Monday, December 19, 2016
INVENTION OF JOURNALISM
Full marks to the Royal Irish Academy for hosting, and to Marsh's Library and UCD for sponsoring, Andrew Pettegree's talk on "The Invention of Journalism" (23/11/2016).
It was a fascinating insight into the evolution of modern media, through the golden age of the newspaper which in turn evolved from the hand copied manuscript news notes which mainly served to inform those involved in distant commerce.
I'm not going to go through the material as the full talk is now podcast here.
At the end of the fifteenth century we had commercialised news in the form of manuscript copied notes which gradually grew in size and eventually grew into the earlier form of newspapers. Whereas the notes were brief and factual, and their continued success relied on their reputation for accuracy, the newspapers introduced an editorial line.

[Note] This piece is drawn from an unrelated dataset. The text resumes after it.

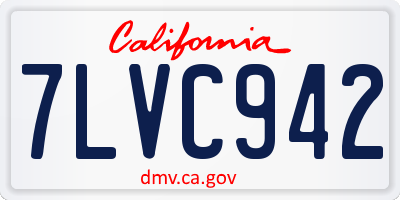 CA license plate 7LVC942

This could be obvious in advocating a particular cause or political party, for instance, or it could be more subtle and implemented through the choice of what news to report and what to reject.
Andrew reminded us that, down the ages, it was the choice of what "news" to omit that constituted the real power of the papers. He recounted how some newspapers would investigate a scandal and then offer to suppress its publication for a fee.
The nineteenth century was the heyday in the development and expansion of the newspaper, but you had always to remember to ask yourself about the agenda behind any publication. Clearly that remains the case today.
Media proprietors, journalists and those involved in social & citizens' media would do well to listen to this relatively short(36 minute) podcast and check out where they are placed on this big historical canvas, particularly where ethics are concerned.